▶ **Task objective**:
The full listing should be written out verbatim, and its images should be dropped.

····················

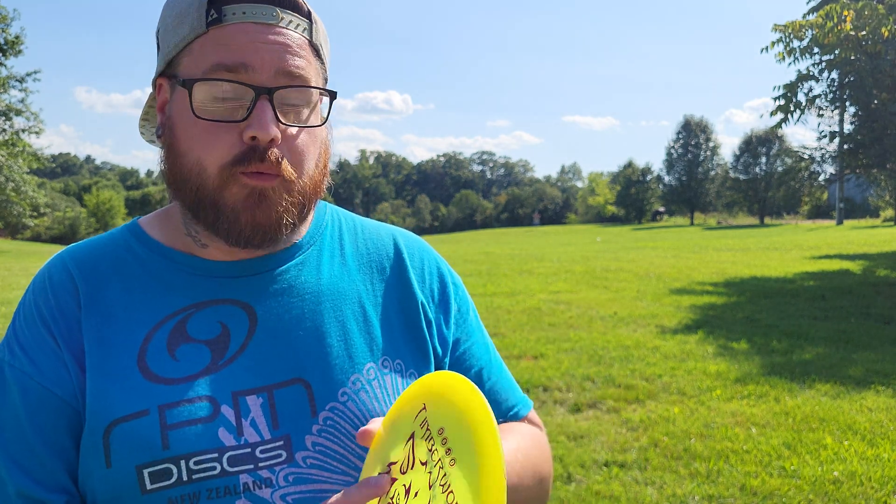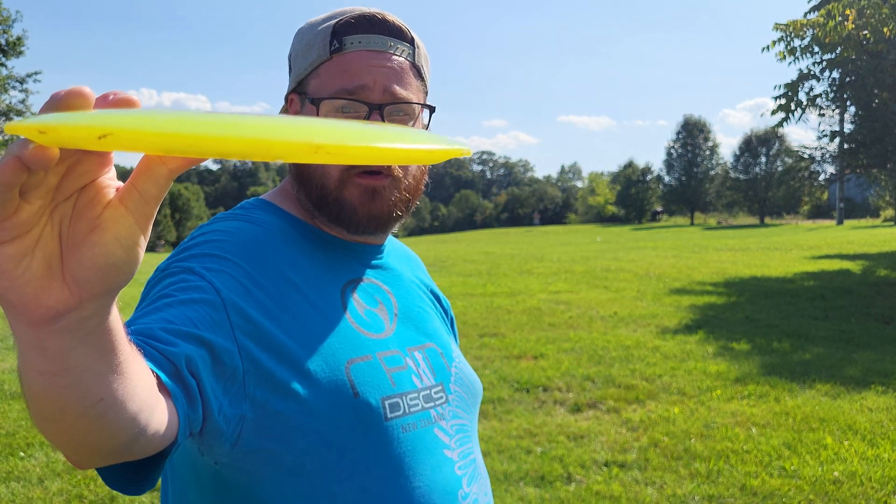Hey everybody, Basinger here. Welcome back to another episode of Throwing Every Disc Possible. Today we have the Timberwolf from Daredevil Discs — this is a Flex Performance Driver. FP plastic, I'm assuming. Don't know a whole lot about this brand, but we're going to give it a toss and see how it flies.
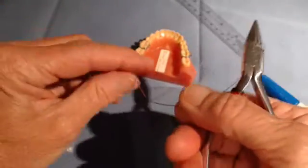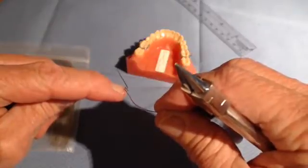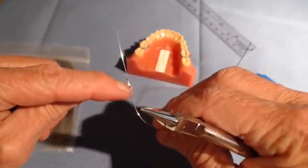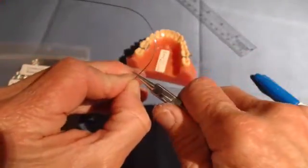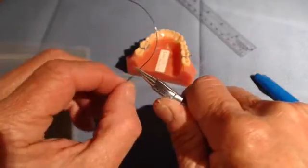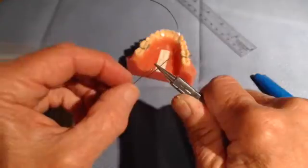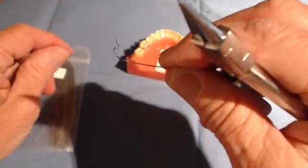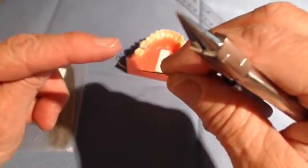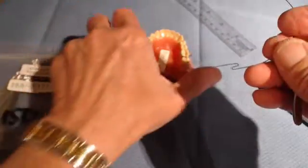Notice how this could exit the tube and impinge on the gingiva below the six. To eliminate this problem, you can place the plier on the wire and, holding it very tightly because it wants to twist in your hands, simply bend the Z-bend toward the tooth and the tube. Now you can see that the bend would exit the molar tube and go buccally instead of straight gingivally. So this side has been completed.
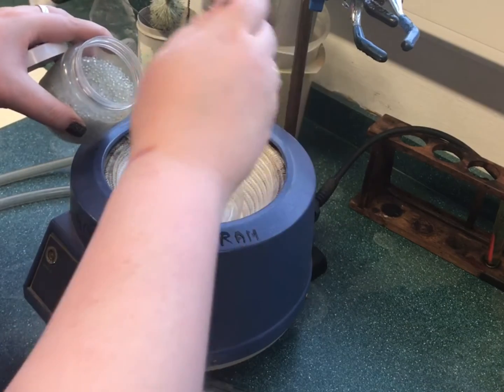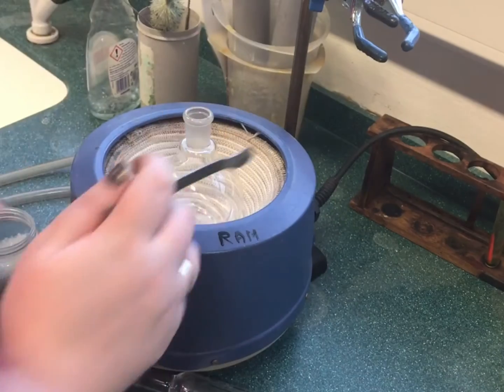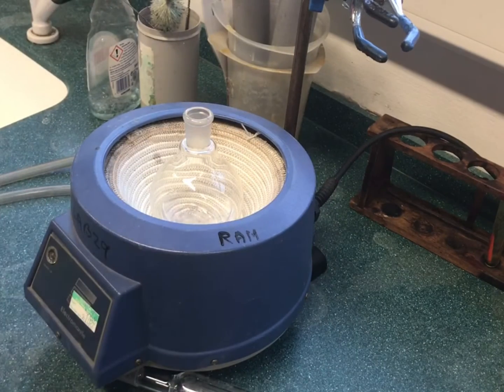Antibumping granules cannot be reused. Once the reaction mixture has cooled, the porous antibumping granules will absorb some of the mixture and will not be able to be used again. A condenser is attached to the flask.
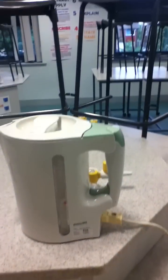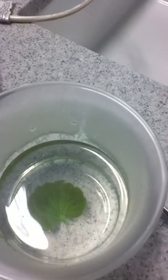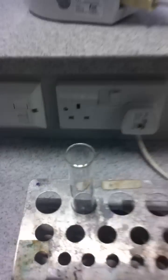Step one: the kettle has just boiled. We put the leaf in the beaker, take some freshly boiled water, and pour that onto the leaf. Then we're going to leave it for a few minutes. What you want to happen is for that leaf to go really soft in the boiling water — give it a minute or two until it goes all soft and starts breaking down a little bit.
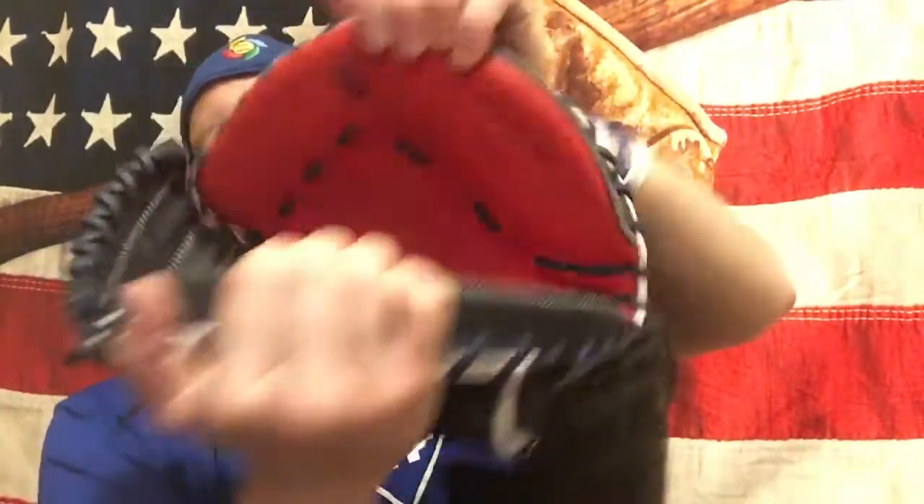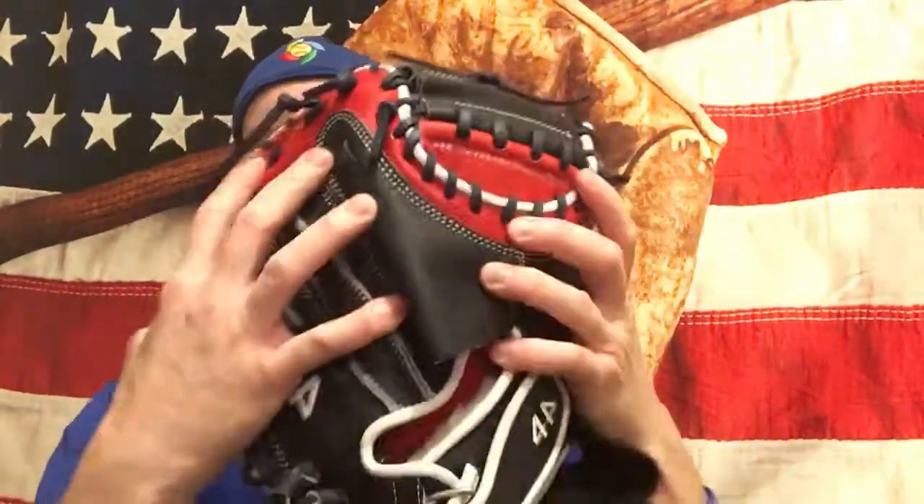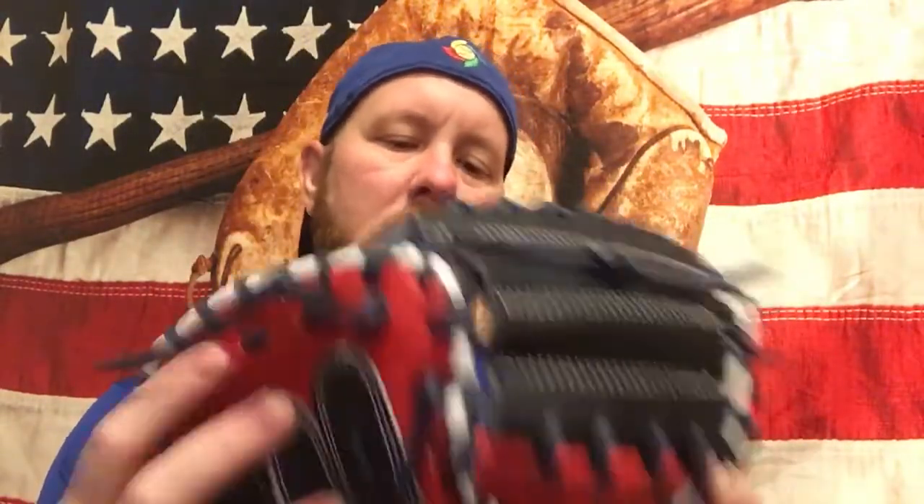Another thing I like to do is take the ball and put it in the pocket, then squeeze the glove around the ball — just like that. Just take it and squeeze it, and work it around where you would be catching the ball. If the glove is really stiff like this one was, do open-close, open-close several times. Just close it and put your ball in the pocket and work it around. That's another recommendation I would suggest.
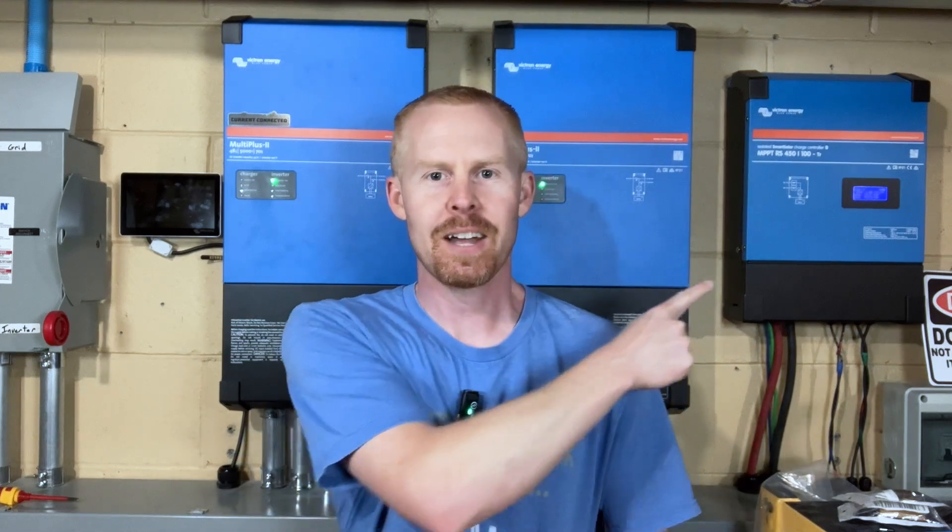Good evening everybody. I hope you're having fun with your solar projects. So tonight what I want to talk about is this guy right there, the Victron 450-100 solar charge controller.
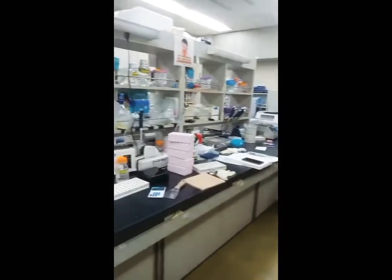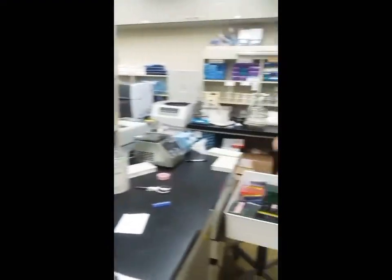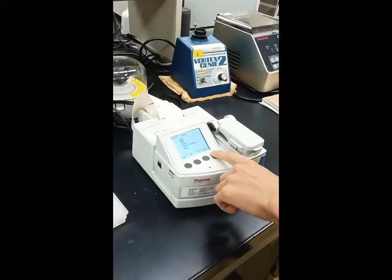Today we will learn how to operate the NanoDrop tool so you can quantify your DNA sample and check the quantity, then compare with the result of PCR later. This is a product from the Thermo Fisher brand. The quick assessment from this tool is amazing, but we still need to confirm the results by using PCR. Let's see how to use it.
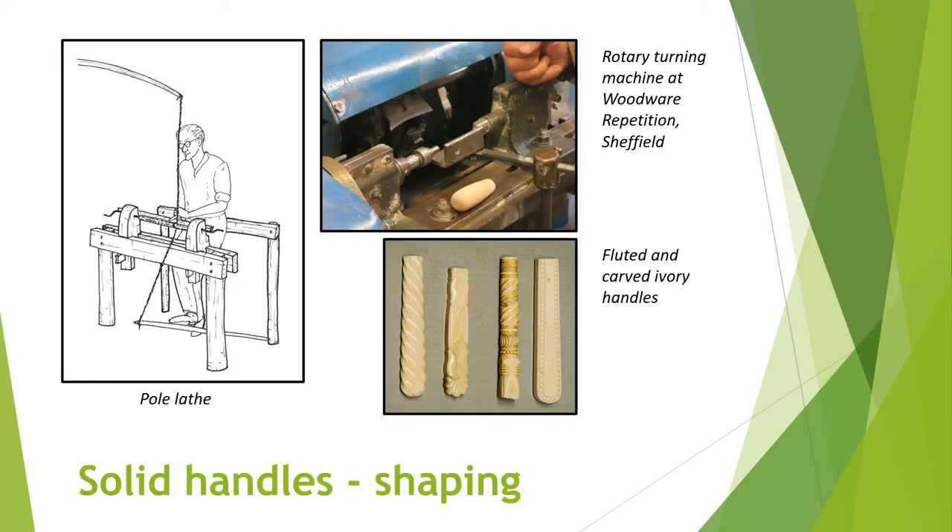Before the advent of belt-driven machinery in the early 1800s, the shaping was carried out by hand using a pole lathe or pedal-operated lathe. Today, handles are shaped using a variety of machines, for example rotary turning machines, copy lathes and routers, some of which are computer controlled. If a smaller amount of shaping were needed, this would have been done by hand using carving tools, files or a pedal-operated lathe. By the 1700s, a grinding wheel was used and later a motorised abrasive wheel.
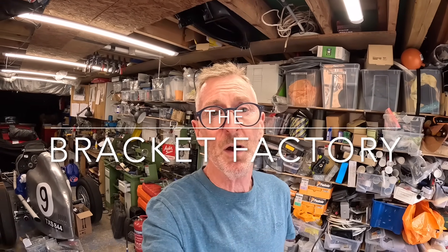Welcome to the Bracket Factory and welcome to the latest installment on my American La France V12 engine special project. This week I shall be mainly cutting and welding but also having quite a lot of fun. Let's get going.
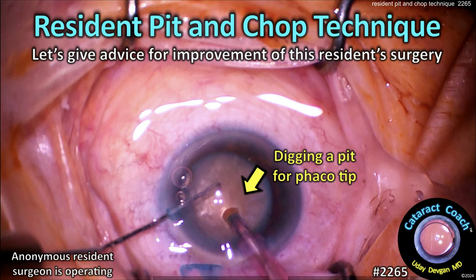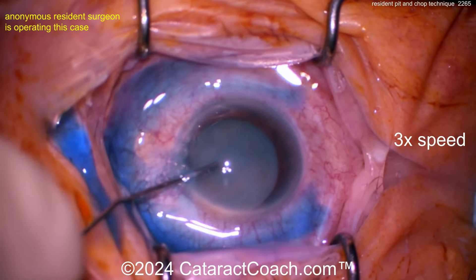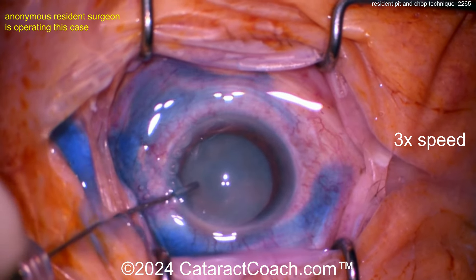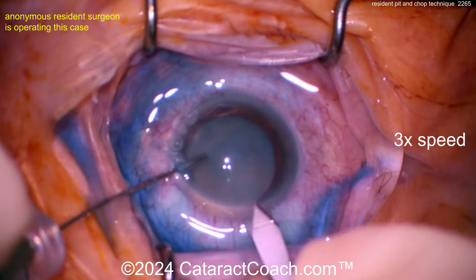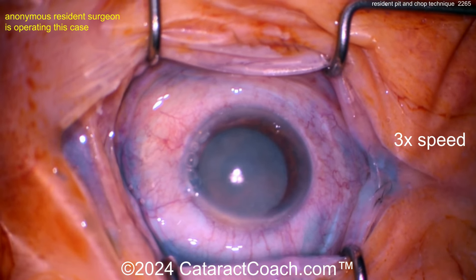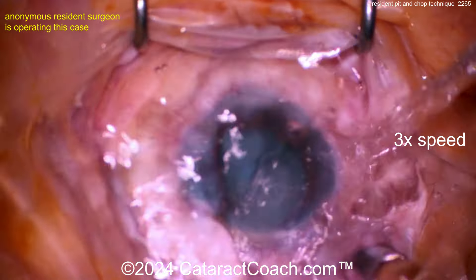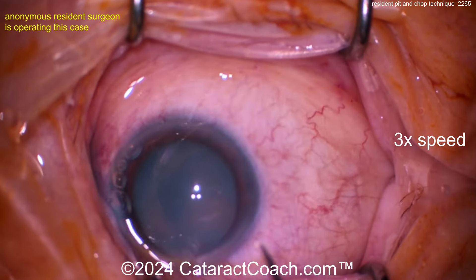cataractcoach.com resident pit and chop technique — let's give some advice for improvement for this resident surgery. Pretty good cataract there, trypan blue dye going in. Surgeon sitting superiorly, holding with the viscous cannula. Here's the incision, that all looks pretty reasonable. Let's see that rhexis now. It does not look like an intumescent white cataract, so I don't think we'll have an Argentina flag sign.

····················

▶ **Answer below**:
Hey everybody, Basinger here. Welcome back to another episode of Throwing Every Disc Possible. Today we have the Timberwolf from Daredevil Discs — this is a Flex Performance Driver. FP plastic, I'm assuming. Don't know a whole lot about this brand, but we're going to give it a toss and see how it flies.
Notice how this could exit the tube and impinge on the gingiva below the six. To eliminate this problem, you can place the plier on the wire and, holding it very tightly because it wants to twist in your hands, simply bend the Z-bend toward the tooth and the tube. Now you can see that the bend would exit the molar tube and go buccally instead of straight gingivally. So this side has been completed.
Antibumping granules cannot be reused. Once the reaction mixture has cooled, the porous antibumping granules will absorb some of the mixture and will not be able to be used again. A condenser is attached to the flask.
Step one: the kettle has just boiled. We put the leaf in the beaker, take some freshly boiled water, and pour that onto the leaf. Then we're going to leave it for a few minutes. What you want to happen is for that leaf to go really soft in the boiling water — give it a minute or two until it goes all soft and starts breaking down a little bit.
Another thing I like to do is take the ball and put it in the pocket, then squeeze the glove around the ball — just like that. Just take it and squeeze it, and work it around where you would be catching the ball. If the glove is really stiff like this one was, do open-close, open-close several times. Just close it and put your ball in the pocket and work it around. That's another recommendation I would suggest.
Good evening everybody. I hope you're having fun with your solar projects. So tonight what I want to talk about is this guy right there, the Victron 450-100 solar charge controller.
Today we will learn how to operate the NanoDrop tool so you can quantify your DNA sample and check the quantity, then compare with the result of PCR later. This is a product from the Thermo Fisher brand. The quick assessment from this tool is amazing, but we still need to confirm the results by using PCR. Let's see how to use it.
Before the advent of belt-driven machinery in the early 1800s, the shaping was carried out by hand using a pole lathe or pedal-operated lathe. Today, handles are shaped using a variety of machines, for example rotary turning machines, copy lathes and routers, some of which are computer controlled. If a smaller amount of shaping were needed, this would have been done by hand using carving tools, files or a pedal-operated lathe. By the 1700s, a grinding wheel was used and later a motorised abrasive wheel.
Welcome to the Bracket Factory and welcome to the latest installment on my American La France V12 engine special project. This week I shall be mainly cutting and welding but also having quite a lot of fun. Let's get going.
cataractcoach.com resident pit and chop technique — let's give some advice for improvement for this resident surgery. Pretty good cataract there, trypan blue dye going in. Surgeon sitting superiorly, holding with the viscous cannula. Here's the incision, that all looks pretty reasonable. Let's see that rhexis now. It does not look like an intumescent white cataract, so I don't think we'll have an Argentina flag sign.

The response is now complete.